The CDN is pre-warmed — video bytes are already at the edge. That problem is solved. What isn't solved is what happens to your API layer. Every one of those 30M users just fired GET /api/v1/home at your BFF.
What Breaks First — Capacity Math#
Before reaching for solutions, measure the problem. A single BFF instance handles roughly 1,000 requests/second.
30M users open app within 60 seconds
= 30,000,000 / 60
= 500,000 requests/second
Single instance capacity = 1,000 req/s
Instances needed = 500,000 / 1,000 = 500 instances
One instance is nowhere near enough. You need 500 running simultaneously at the moment the spike hits.
Pre-Scaling — Prepare Before the Spike#
The instinct might be to rely on autoscaling — let the system detect high traffic and spin up new instances automatically. This fails at spike events.
Spinning up a new container takes 2–3 minutes: pull the image, start the process, warm the JVM. By the time your 500th instance is ready, the spike has already peaked and the damage is done. Autoscaling reacts — it cannot outrun a synchronized spike.
Netflix knows the release schedule in advance.
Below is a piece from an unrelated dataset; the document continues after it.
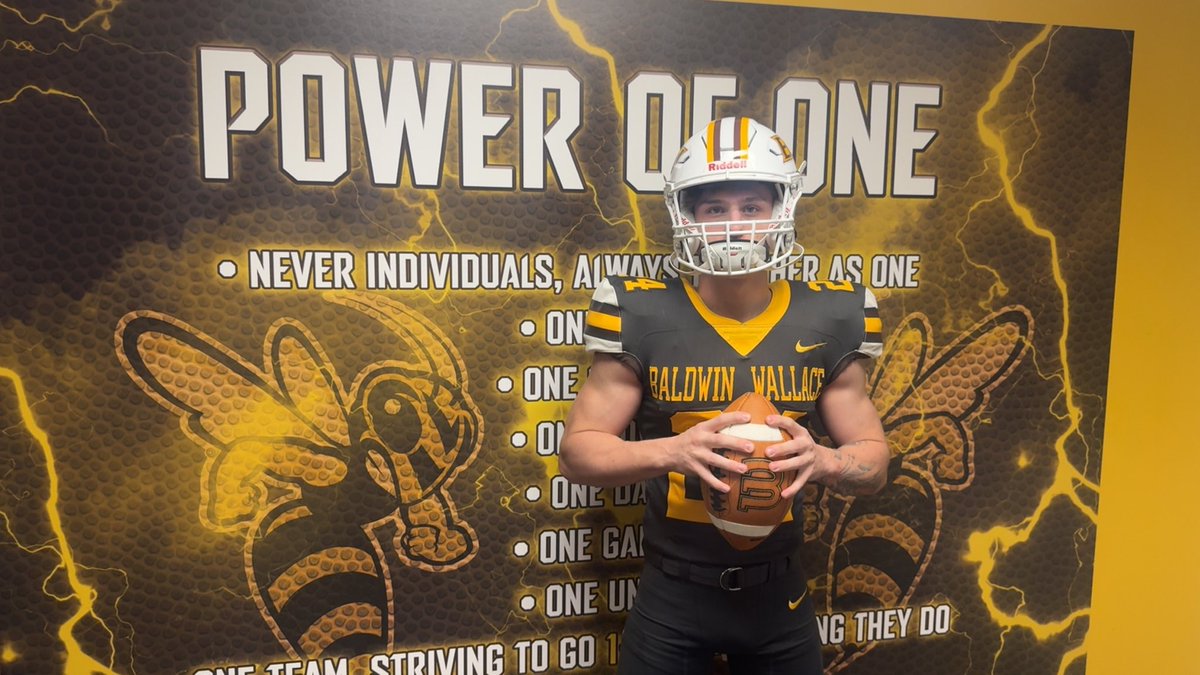 max kucera (@max65556144) on Twitter photo I want to thank <a href="/CoachHilvert/">Jim Hilvert</a> for the invite and I have to say I feel like I look good in yellow and brown. Also I think I found my home in Berea🤫😉 🐝🐝 I want to thank <a href="/CoachHilvert/">Jim Hilvert</a> for the invite and I have to say I feel like I look good in yellow and brown. Also I think I found my home in Berea🤫😉 🐝🐝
The fix is pre-scaling — spin up the instances 30 minutes before 9pm, not in response to the spike.
sequenceDiagram
participant Ops as Ops Team
participant LB as Load Balancer
participant BFF as BFF Instances
Note over Ops: 8:30pm — 30min before release
Ops->>LB: scale BFF to 500 instances
LB->>BFF: spin up 450 new instances
Note over BFF: all 500 instances warm and ready
Note over Ops: 9:00pm — Squid Game drops
Note over BFF: 500,000 req/s absorbed across 500 instances
Note over Ops: 10:30pm — spike subsides
Ops->>LB: scale back to 50 instances Pre-scaling is the same principle as CDN pre-warming — anticipate the load, prepare ahead of time.
Normal hours → 50 BFF instances (handles average load)
Pre-scaled → 500 BFF instances (ready 30min before release)
Post-spike → auto-scale back down as traffic normalises
The Database Problem#
500 BFF instances absorb the HTTP layer. But each BFF request fans out to genre services, and each genre service hits the database. 30M users × 20 genre rows each = 600M internal DB queries per minute.
No database survives 600M queries per minute on unindexed reads.
Redis Cache — Serve Millions From One DB Hit#
The key insight: on Squid Game drop night, 30M users all want the same thing. The Action row, the Top 10 row, the New Releases row — these rows are identical for every user. There is no reason to hit the database 30M times for data that doesn't change between requests.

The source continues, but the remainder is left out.